TRY IT:
Return exactly the final stretch of the records below, opening with the line that contains "شعر مستعار بقص" and closing with the last line.

################

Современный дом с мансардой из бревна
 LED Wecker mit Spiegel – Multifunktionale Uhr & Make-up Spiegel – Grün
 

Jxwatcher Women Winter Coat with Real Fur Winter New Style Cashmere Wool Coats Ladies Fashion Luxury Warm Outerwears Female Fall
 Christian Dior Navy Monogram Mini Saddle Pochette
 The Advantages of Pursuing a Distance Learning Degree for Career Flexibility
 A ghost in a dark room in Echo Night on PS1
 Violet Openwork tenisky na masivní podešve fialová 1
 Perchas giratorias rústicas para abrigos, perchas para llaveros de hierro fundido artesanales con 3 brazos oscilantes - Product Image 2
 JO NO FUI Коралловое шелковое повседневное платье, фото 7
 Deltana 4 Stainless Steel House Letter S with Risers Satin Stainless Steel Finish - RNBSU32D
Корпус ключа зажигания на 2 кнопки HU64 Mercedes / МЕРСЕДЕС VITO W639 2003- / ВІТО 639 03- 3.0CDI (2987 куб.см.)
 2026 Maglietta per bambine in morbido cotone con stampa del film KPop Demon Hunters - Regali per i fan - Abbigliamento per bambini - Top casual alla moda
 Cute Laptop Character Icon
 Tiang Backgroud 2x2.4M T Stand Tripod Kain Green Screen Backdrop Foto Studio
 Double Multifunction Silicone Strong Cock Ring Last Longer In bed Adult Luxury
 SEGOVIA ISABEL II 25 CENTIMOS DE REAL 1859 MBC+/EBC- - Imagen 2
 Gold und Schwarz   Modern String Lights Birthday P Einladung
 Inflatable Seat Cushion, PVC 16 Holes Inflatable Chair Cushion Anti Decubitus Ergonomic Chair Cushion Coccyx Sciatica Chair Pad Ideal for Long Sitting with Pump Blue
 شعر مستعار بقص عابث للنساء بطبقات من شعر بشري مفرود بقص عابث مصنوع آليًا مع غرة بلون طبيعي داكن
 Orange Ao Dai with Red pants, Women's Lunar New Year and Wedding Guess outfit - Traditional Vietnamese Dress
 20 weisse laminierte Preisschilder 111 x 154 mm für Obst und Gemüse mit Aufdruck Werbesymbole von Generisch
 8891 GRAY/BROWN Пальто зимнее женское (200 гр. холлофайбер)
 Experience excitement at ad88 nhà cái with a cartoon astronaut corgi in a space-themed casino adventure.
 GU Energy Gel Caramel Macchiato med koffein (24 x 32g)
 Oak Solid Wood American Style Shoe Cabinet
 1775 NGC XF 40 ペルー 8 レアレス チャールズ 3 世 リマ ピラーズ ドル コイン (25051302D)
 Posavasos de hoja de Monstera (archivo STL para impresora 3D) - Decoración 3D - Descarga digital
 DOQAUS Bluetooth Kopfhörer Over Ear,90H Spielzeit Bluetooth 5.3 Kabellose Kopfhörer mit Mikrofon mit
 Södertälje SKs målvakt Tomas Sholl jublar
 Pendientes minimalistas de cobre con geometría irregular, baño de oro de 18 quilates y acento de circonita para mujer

################

OUTPUT FOR THIS EXERCISE:
 شعر مستعار بقص عابث للنساء بطبقات من شعر بشري مفرود بقص عابث مصنوع آليًا مع غرة بلون طبيعي داكن
 Orange Ao Dai with Red pants, Women's Lunar New Year and Wedding Guess outfit - Traditional Vietnamese Dress
 20 weisse laminierte Preisschilder 111 x 154 mm für Obst und Gemüse mit Aufdruck Werbesymbole von Generisch
 8891 GRAY/BROWN Пальто зимнее женское (200 гр. холлофайбер)
 Experience excitement at ad88 nhà cái with a cartoon astronaut corgi in a space-themed casino adventure.
 GU Energy Gel Caramel Macchiato med koffein (24 x 32g)
 Oak Solid Wood American Style Shoe Cabinet
 1775 NGC XF 40 ペルー 8 レアレス チャールズ 3 世 リマ ピラーズ ドル コイン (25051302D)
 Posavasos de hoja de Monstera (archivo STL para impresora 3D) - Decoración 3D - Descarga digital
 DOQAUS Bluetooth Kopfhörer Over Ear,90H Spielzeit Bluetooth 5.3 Kabellose Kopfhörer mit Mikrofon mit
 Södertälje SKs målvakt Tomas Sholl jublar
 Pendientes minimalistas de cobre con geometría irregular, baño de oro de 18 quilates y acento de circonita para mujer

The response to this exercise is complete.